With sales estimates, sellers can validate or invalidate the accuracy of the data by comparing the estimates to their own product’s real sales. But with search volume, there is no absolute way to validate or invalidate the data. When a tool provides a search volume estimate, it is more or less saying, “Hey, trust us… this is good!” I want to shift that ask of trust to, “Hey, here is the process we’re using, and this is why we believe this is the right number.” In essence, don’t trust what we are telling you, trust what we are showing you. Allow us to walk you through it.

The Future of Search Volume Estimates

We are beyond excited to share that our current models are forecasting at 75-85% accuracy depending on the keyword. (I’ll talk through our validation strategy here)

At the conclusion of this blog we added a Deep Dive section where we go into the specifics of our new search estimation process. We want to help you understand what we’re doing at a high level to be able to achieve such great results.

One of the major saving graces here is that we have a full year of historical search volume data for many keywords! (We started tracking volume on Dec. 12th 2017 and things closed down on Dec. 13th 2018).

This historical search volume is incredibly important for a couple of reasons:

  1. We will consistently show sellers the historical search volume trend so you can see what the exact volume was at the same time last year. This way you will always be able to use “exact” numbers in your decisions versus our in-house estimates.
  2. It will be the baseline for our search volume estimates moving forward, as typically the best indicator of what will happen in the future is what has happened in the past.

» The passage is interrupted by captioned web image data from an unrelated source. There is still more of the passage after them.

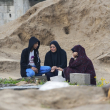 Palestinos visitan las tumbas de sus familiares que murieron en la guerra entre Israel y Hamás en el primer día de la festividad musulmana Eid al-Fitr, en Deir al-Balah, Gaza, el miércoles 10 de abril de 2024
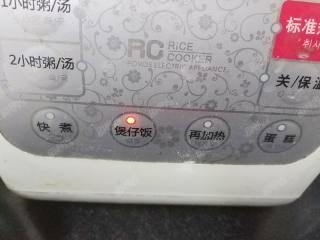 17、时蔬腊肉焖饭,电饭锅接通电源，选择“煲仔饭”程序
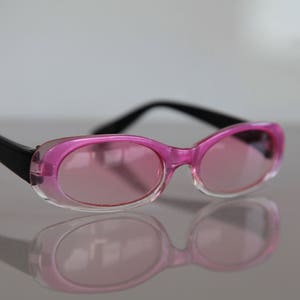  Estuche para gafas con colores personalizables: la funda  resistente para lentes de sol incluye un paño de limpieza de lentes gratis,  Negro / Rosa : Ropa, Zapatos y Joyería
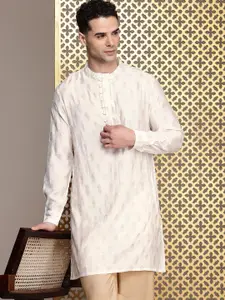 House of Pataudi Floral Printed Regular Jashn Kurta with Trousers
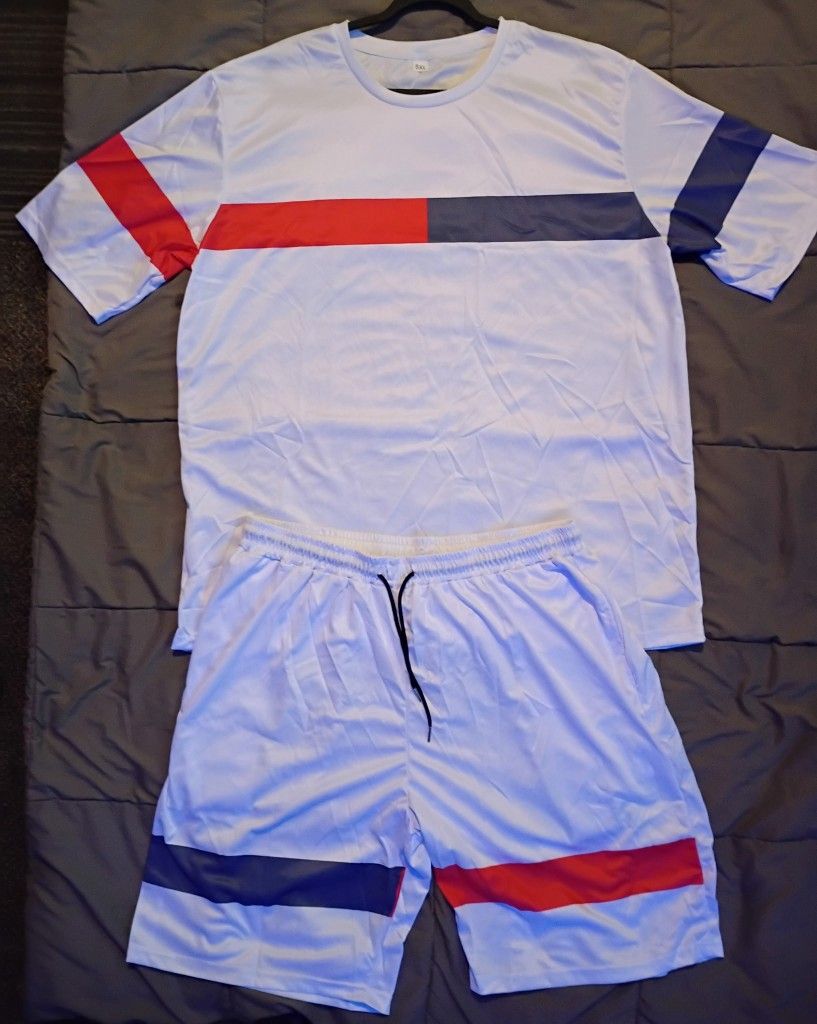 Men's Extra Large Shorts T-Shirt Outfit New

While historical volume is a good indicator of the past, it would be foolish to think that search volume is going to remain the same in 2019. For this reason, we will use other data sources to help us estimate the amount of change in consumer shopping behavior.

One data source that improves our forecasting models is change in estimated sales volume for a keyword’s top ranking products. We are not looking at the number of estimated sales. We are looking at the trend in estimated sales month to month.

For some keywords, Amazon search volume and sales volume are highly correlated, making changes in sales a great indicator of changes in search volume. Here is a simple illustration (not the actual model):

We’ve overlayed the graphs of Amazon search volume for “sprinkler” and estimated sales volume for the same keyword. They trend very similarly throughout the year for the same keyword. In this case, it means we would use Amazon sales behavior as a means of forecasting, while also using our historical data for this keyword.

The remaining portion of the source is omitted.